A critical component of database partitioning is the partitioning key; the partitioning key is used to identify the location of data in the partitioned table. The partitioning key is also used during query execution to avoid table scans by eliminating partitions. The difficulty comes in designing a good partitioning key.
SQL Server’s table partitioning only allows for a single column to be used as a partitioning key, but this is not as limiting you might think. Table partitioning is not limited in the type of column that is used; it is possible to use a computed column for the partitioning key. The advantage of using a computed column is that we can combine multiple columns and create a “smart key” to effectively identify a row’s partition. A smart key is a key that naturally occurs in your database; it could be something similar to the VIN of a car or it could be a combination of a date and a warehousing code (e.g. “ASDF:20120810″). While many database architects discourage the use of natural keys (and thus smart keys) in OLTP systems, natural keys play an important role in table partitioning because they can provide an easy way to split data into logically discrete chunks.
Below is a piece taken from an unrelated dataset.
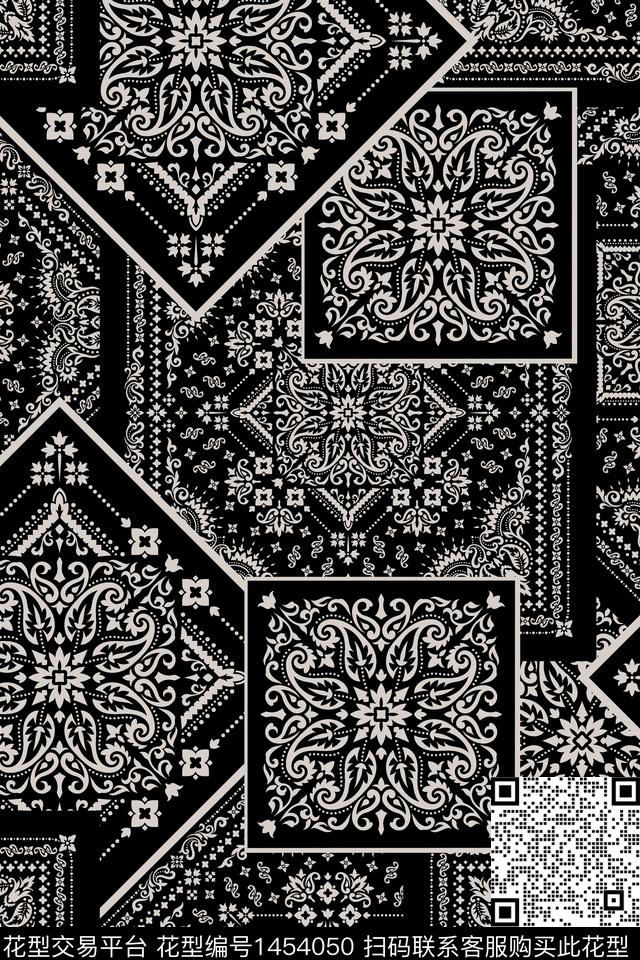 民族风大牌风香云纱数码印花华亿平台下载（图片编号: 1454050） - 瓦栏（Walan）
The design of the partitioning key is also important since once data has been partitioned to disk, the only way to change the partitioning scheme is to move the data into new tables. A significant amount of scripts and automation are typically built up around data partitioning and a change to the partitioning scheme can result in a significant amount of development work as well as a significant amount of I/O.
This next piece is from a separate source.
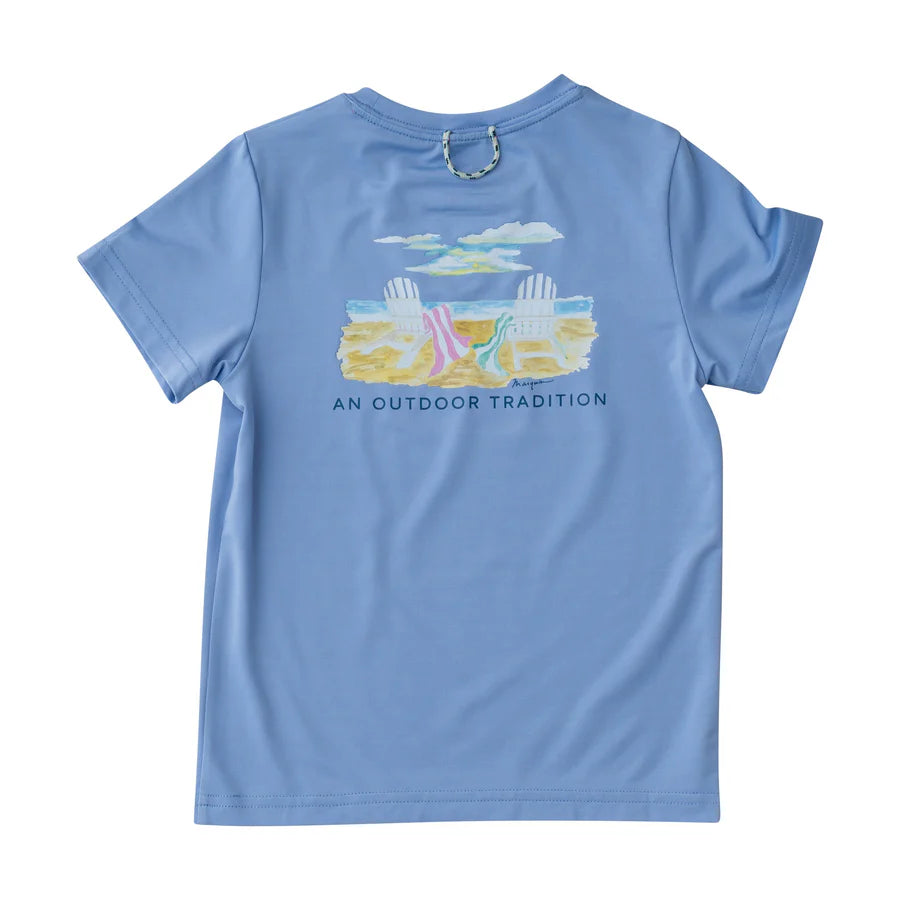 Coastline Blue Performance Tee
The most important consideration for designing the partitioning key comes from how data is queried. A simple scan of
sys.sql_modules and querying a combination of
sys.dm_exec_sql_text will reveal commonly used query criteria. If all queries feature a common set of search criteria (sales territory and date), then it becomes easy to select a partitioning key.
Understanding how data is queried is critical for the success of table partitioning. If queries do not explicitly query on something that amounts to the partitioning key, it will be important to re-write queries so that they will use the partitioning key. This will ensure that the smallest amount of data is touched during any single query’s execution. When using a computed column to create a partitioning key it may be necessary to update queries to include a search on the partitioning key through dynamic SQL or by generating the queries in the application tier.
It may not be possible to rewrite all queries to use the partitioning key. This is normal – when aggregating data across the entire business, it may not be desirable to confine queries to a single partition. While large queries are unavoidable, it’s best to confine queries to the smallest number of partitions possible to reduce I/O and potentially increase the accuracy of optimizations. It may even be necessary, in some cases, to force partition elimination using the
Finally, special consideration should be given to how data is modified in the database. OLTP applications typically modify a small number of rows in a single transaction. Data warehouses, on the other hand, modify large amounts of data at once. Although these different data modification patterns do not directly change how data is partitioned, data modification patterns should influence the decisions around partitioning. For instance, partitioning is typically used for data warehousing because a partition swap is a metadata change – since a partition swap is a metadata change, an entire partition can reloaded and index fragmentation can be avoided.
The data warehouse scenario is the easiest approach to partitioning – a new partition is loaded and appended to a table while existing partitions are modified outside the current table and the newly partitions are swapped in place. For OLTP systems, partitioning may still be used as a way to spread write load across multiple drives.
Table partitioning is not a project that should be entered into lightly – it is a major structural change for the database and a major software change for database developers.